The past five weeks have been like living in a disaster movie — unbelievably frightening and anxiety provoking. While we all are coping with the unfathomable loss and distress so many in our community, our country, and the world are facing due to the Coronavirus outbreak, we also are figuring out how to continue our day-to-day lives while protecting ourselves and others by obeying guidelines to stay home and practice social distancing.
Two weeks ago, with the temperature in the low 40s and the wind whipping at 20 mph, I strolled through the UMASS campus just hoping to get a glimpse of people. I saw three people the entire 40 minutes, and these were people walking their dogs. Interesting to note that Sweet Paws, a New England-based animal rescue site, has curtailed applications for a short while because there are too many to process. We all need comfort, companionship, and a little distraction as we wade (and wait) through the pandemic together.
Almost all of the tennis courts in the western Massachusetts area are now locked, and the USTA has just sent out a warning to all of its members asking us to put down our rackets for the foreseeable future. So now what? Tennis is not only a much needed activity. Tennis is a form of communication, a connection. There have been very few times in my life that I have not held a racket, have been forced to take a break. One of these times was about 12 years ago when I had brain surgery to relieve a blockage in my brain stem. Then I was out for five months, but it was so much different than this. Now I am healthy enough and ready to play, it’s finally warming up, and both my psyche and body are clamoring to get out there. I know however that I am in the over-70 “at risk” category. When did that happen? I also know that I do not want to be a part of either infecting anyone else or elongating this quarantine. So…what to do now?
Many, many (too many) years ago when I was quite young and there were no indoor courts, I was forced to be creative about ways to entertain myself with the tennis racket. Hitting on the garage door was an activity, and I got quite good at it.

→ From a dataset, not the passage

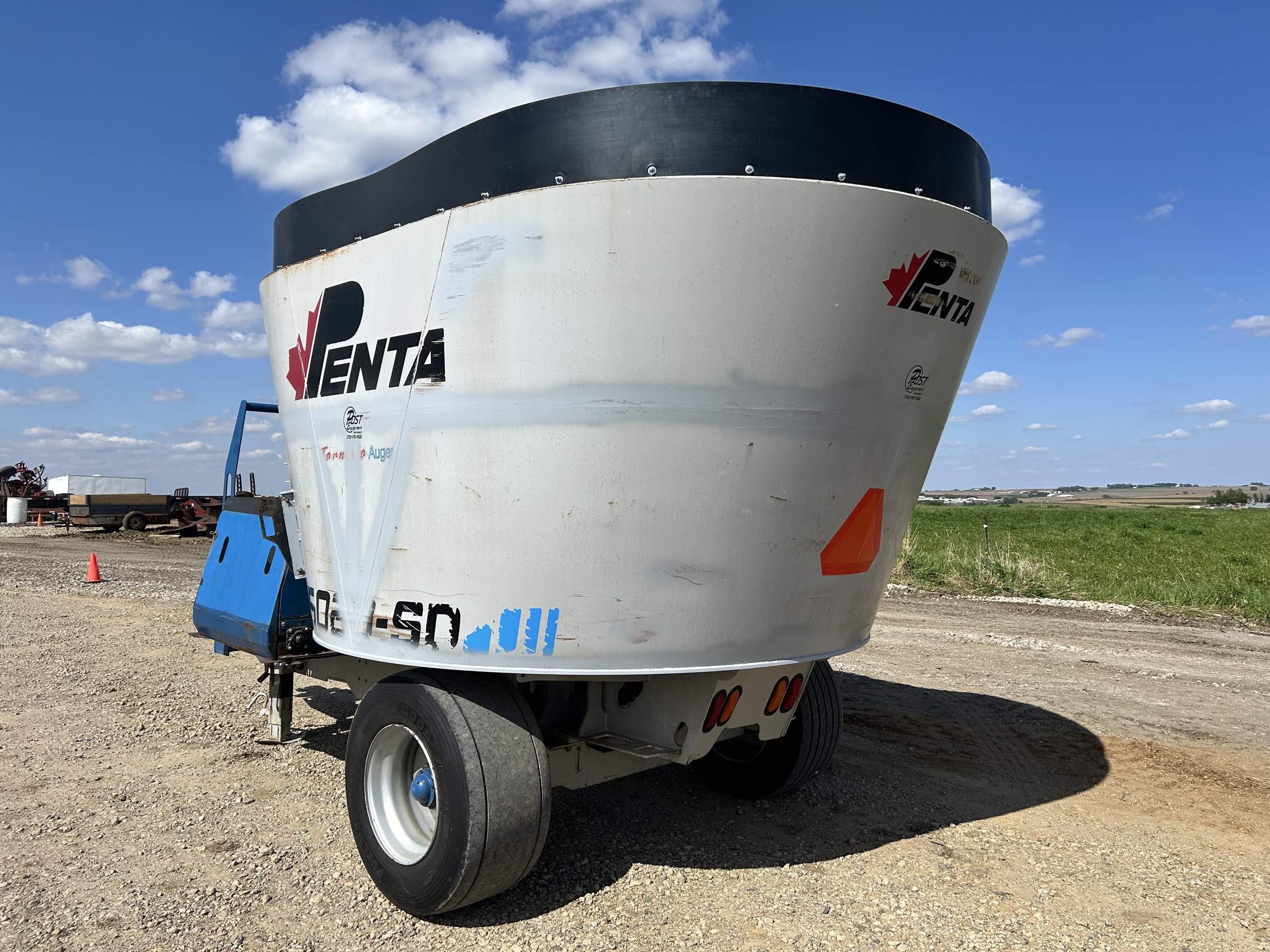 Used Penta 5020 Vertical Mixer Wagon! New auger and knives, stainless steel liner, single axle, right hand flip up discharge with magnets, rubber extension, new Point scale, small 1000 CV PTO!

Hitting volleys over a table or chairs with another person probably taught me to have softer hands and more control. These options come back to me now as possibilities to help me navigate the next many weeks and perhaps months.
Just six weeks ago I was training to play the National Clay Courts in West Palm Beach, Florida. I was hoping to do well so as to get selected by the USTA to play on the Super Senior World Team event scheduled for October in Mallorca, Spain. At this moment with all ITF and USTA tournaments shut down, no one knows if this event will take place. We are all on hold.

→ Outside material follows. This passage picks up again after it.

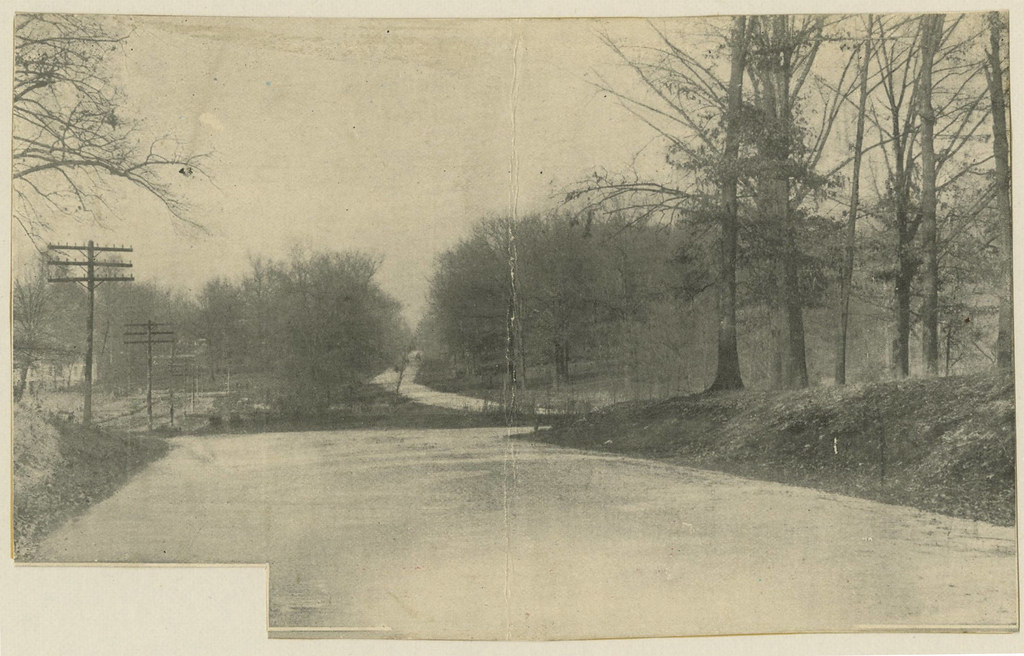 East Parkway south of Poplar Ave, Memphis TN Circa 1910 Flickr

Why is this loss so difficult? I have had to really grapple with the answer to this question. Is it the loss of physical activity? Yes, indeed. For me, tennis is a way to move, to sweat, to push myself. Having a racket in my hand makes me feel complete. Is it the absence of connection? Absolutely. Hitting the ball back and forth is a way of communication, a connection. Seeing others do the same on adjacent courts offers up a form of unspoken comradery. Is it the lack of purpose? Of course. My year is mapped out with selected tournaments, preparing for these tournaments, teaching and volunteering for two nonprofits. The weeks (on my calendar) are full.

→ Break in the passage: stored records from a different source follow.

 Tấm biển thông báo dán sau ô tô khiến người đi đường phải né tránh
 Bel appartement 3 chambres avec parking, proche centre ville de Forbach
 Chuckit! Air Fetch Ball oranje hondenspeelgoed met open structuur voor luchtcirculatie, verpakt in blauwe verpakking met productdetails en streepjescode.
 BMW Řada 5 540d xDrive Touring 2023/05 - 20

How do I weather this pandemic, stay hopeful, stay connected, stay fit with an eye toward the days when I can get back on the court?
A little over a week ago one of my World Team teammates set up an hour personal fitness time with a personal trainer that she uses. She lives in North Carolina. She invited seven of us who play national events to join her twice a week in a zoom workout with the trainer. The workout is geared toward tennis and is appropriate for at home. At the end of the first hour we all commented on how great this felt but more importantly how wonderful it was to connect with each other, how much we missed the interaction that we share. We decided to continue to this activity twice a week until the virus subsides.
A young daughter of one of my past players at UMASS had just begun to play tournaments. The mom asked me to design some footwork drills for her 11 year old and then do the drills with her a couple of times per week online. I am doing this now as a regular part of my week. It allows me an opportunity to feel purposeful, helpful in a way that I appreciate.
So I have come to this. I am on a break but I can still connect with my tennis friends through our weekly trainer led workouts. I can still give back to a young girl so eager to learn. And I can be creative about putting the racket in my hand and moving around. It doesn’t look as though Mallorca will happen. It’s not about that right now. It’s about grabbing hold of what I love about the sport and not giving up on these things.
My tennis rackets sit in the corner of my home. I look at them longingly. Perhaps it’s time for me to reveal them, to hold them in my hands. Actually, the sun has just come out and the temperature is rising. The garage door beckons…. I am on the way.
– Judy Dixon
Post-Script: Stay well and stay safe! Please feel free to post messages about how you are coping, tennis-related and otherwise, as you navigate the impact of this pandemic. I read that the U.S. Open Tennis Courts are being turned into a hospital, and am reminded that I want to shout out my deepest appreciation for the many healthcare workers fighting this fight, especially those who are local, many of whom are also a part of the Western Mass tennis community. I am proud to be a part of this strong and supportive community. I look forward to when we will all see each other on our courts again.